~75 minutes. Encode "café" in UTF-8 by hand; verify with Python; decode a mystery hex dump character by character.
Goal: understand the UTF-8 encoding algorithm at the byte level by working through it manually, then confirm your result with Python.
Estimated time: 75 minutes
Prerequisites: Week 2 lecture (UTF-8 encoding algorithm, Unicode code points)
Setup
mkdir -p ~/fnd-101/lab-2-1
cd ~/fnd-101/lab-2-1
Have a Python 3 interpreter available: python3
Part A: Encoding "café" by hand
Work through the UTF-8 encoding of each character in "café" by hand.
Step 1: Find the Unicode code point for each character.
| Character | Unicode code point | Decimal |
|---|---|---|
| c | U+0063 | 99 |
| a | U+0061 | 97 |
| f | U+0066 | 102 |
| é | U+00E9 | 233 |
Step 2: Determine the byte length for each character.
UTF-8 byte lengths:
- Code points 0x00-0x7F (0-127): 1 byte (ASCII range, use the code point directly)

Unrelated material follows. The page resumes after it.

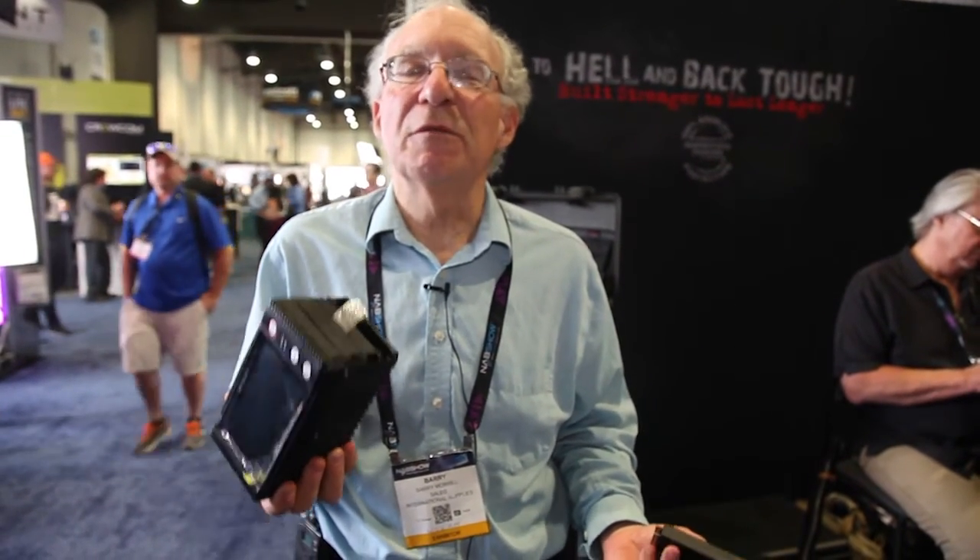All this in something this easy — the NextoDI NSB25, the single solution for field backup.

- Code points 0x80-0x7FF (128-2047): 2 bytes (prefix 110xxxxx 10xxxxxx)
- Code points 0x800-0xFFFF (2048-65535): 3 bytes
- Code points above 0xFFFF: 4 bytes
Which byte length does each character in "café" use? Write your answer.
Step 3: Encode each character.
For c, a, f (1-byte characters): the byte is just the ASCII value in hex.

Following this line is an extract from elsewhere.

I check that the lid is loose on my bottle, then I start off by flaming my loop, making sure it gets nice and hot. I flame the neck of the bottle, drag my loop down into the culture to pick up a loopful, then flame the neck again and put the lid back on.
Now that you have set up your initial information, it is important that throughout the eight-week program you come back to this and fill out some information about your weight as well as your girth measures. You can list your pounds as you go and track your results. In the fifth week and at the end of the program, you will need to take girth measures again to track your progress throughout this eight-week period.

For é (U+00E9 = 233 decimal = 0b11101001 binary):
- It needs 2 bytes: 110xxxxx 10xxxxxx
- Take the 11 bits of 0xE9 that fit into the x positions: 0xE9 = 0b11101001; split into 5 + 6 bits: 00011 | 101001
- First byte: 110 + 00011 = 0b11000011 = 0xC3
- Second byte: 10 + 101001 = 0b10101001 = 0xA9
Write out the complete byte sequence for "café" in hex.
Part B: Verify with Python
s = "café"
encoded = s.encode('utf-8')
print(encoded) # shows bytes
print(encoded.hex()) # shows hex string
print(len(encoded)) # how many bytes?
print(len(s)) # how many characters?
Does the hex output match your hand calculation? Record the output in your worksheet.

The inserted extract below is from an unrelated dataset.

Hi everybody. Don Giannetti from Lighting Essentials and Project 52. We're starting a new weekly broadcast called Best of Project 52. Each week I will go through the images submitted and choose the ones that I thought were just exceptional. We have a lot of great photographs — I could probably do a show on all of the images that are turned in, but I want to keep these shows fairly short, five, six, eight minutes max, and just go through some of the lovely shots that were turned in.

Part C: Decode a mystery hex sequence
Decode the following UTF-8 byte sequence by hand, character by character:
48 65 6C 6C 6F 2C 20 77 6F 72 6C 64 21 0A
For each byte:
- Is it in the ASCII range (0x00-0x7F)? If yes, it is a 1-byte character; look up its ASCII value.
- Does it start with 110xxxxx? Then it is the start of a 2-byte character.
- Does it start with 10xxxxxx? Then it is a continuation byte (part of a multi-byte character).
Write the decoded text. Then verify:
bytes.fromhex("48656c6c6f2c20776f726c64210a").decode('utf-8')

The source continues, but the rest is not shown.